Nearly half of hedge fund employees expect no growth (28%) or a decline (19%) in their total compensation in 2016 compared to the prior year, a survey by Hedge Fund Compensation showed.
Among the hundreds of executives from more than 200 companies surveyed in late 2016, 53% expect their 2016 compensation — salary plus bonus — to rise, with 27% anticipating an increase between 16% and 100%; 24% expect an increase of between zero and 15%; and 2% believe their salary and bonus combination will more than double compared to 2015.
Bonuses are usually paid in the first quarter of the new year.

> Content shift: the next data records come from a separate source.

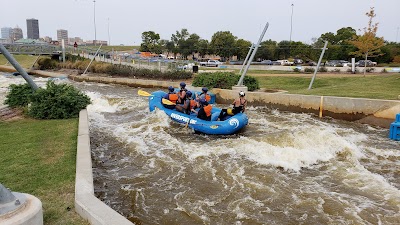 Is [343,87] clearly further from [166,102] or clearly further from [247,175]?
[247,175]

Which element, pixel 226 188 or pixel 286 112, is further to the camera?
pixel 286 112

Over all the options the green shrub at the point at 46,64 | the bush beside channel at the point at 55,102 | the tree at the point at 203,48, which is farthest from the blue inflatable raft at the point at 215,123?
the tree at the point at 203,48

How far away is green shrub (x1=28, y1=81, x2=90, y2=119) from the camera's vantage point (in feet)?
34.8

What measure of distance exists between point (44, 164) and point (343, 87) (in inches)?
631

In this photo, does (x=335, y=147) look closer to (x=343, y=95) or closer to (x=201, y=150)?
(x=201, y=150)

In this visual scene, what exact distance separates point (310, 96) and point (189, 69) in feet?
48.4

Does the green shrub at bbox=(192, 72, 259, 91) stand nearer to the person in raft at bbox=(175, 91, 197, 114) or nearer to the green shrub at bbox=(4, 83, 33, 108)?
the person in raft at bbox=(175, 91, 197, 114)

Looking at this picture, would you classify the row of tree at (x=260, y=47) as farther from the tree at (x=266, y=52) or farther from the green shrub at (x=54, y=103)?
the green shrub at (x=54, y=103)

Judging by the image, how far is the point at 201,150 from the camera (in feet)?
30.9

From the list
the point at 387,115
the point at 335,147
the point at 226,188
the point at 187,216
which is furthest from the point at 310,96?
the point at 187,216

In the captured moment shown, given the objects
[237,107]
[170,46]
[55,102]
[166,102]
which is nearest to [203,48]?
[170,46]

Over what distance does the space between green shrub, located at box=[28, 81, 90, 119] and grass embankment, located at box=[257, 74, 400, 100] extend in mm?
10637

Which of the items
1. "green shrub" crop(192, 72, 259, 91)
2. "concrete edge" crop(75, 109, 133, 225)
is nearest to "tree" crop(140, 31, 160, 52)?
"green shrub" crop(192, 72, 259, 91)

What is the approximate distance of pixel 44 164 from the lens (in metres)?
6.07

Hedge fund managers from firms expected to return 25% or more in 2016 anticipate receiving a mean bonus of $179,000; 2016 performance of between 1% and 9%, $168,000; up 10% to 24%, $164,000; negative performance, $156,000; and flat performance, $154,000.
"We are beginning to see an increased correlation between fund performance and bonus pay after some years of disconnect. Unlike last year, funds that are up the most are now reporting the highest bonuses. We no longer see funds that are down or breaking even reporting higher bonuses than those operating in the black. It seems rational compensation numbers are returning to the industry," said David Kochanek, publisher of the report, in a news release.
A significant 61% proportion of hedge fund employees are dissatisfied with their compensation package, but 79% of respondents rate their work-personal life balance as excellent (9%), above average (26%) and average 44%. Just 5% of those surveyed said their work-life balance is poor and 16% believed it is below average.
Among the more than 200 hedge fund companies that participated in Hedge Fund Compensation Report's most recent survey were AQR Capital Management, Brevan Howard Asset Management, Cheyne Capital Management (U.K.), Millennium Management and Och-Ziff Capital Management Group.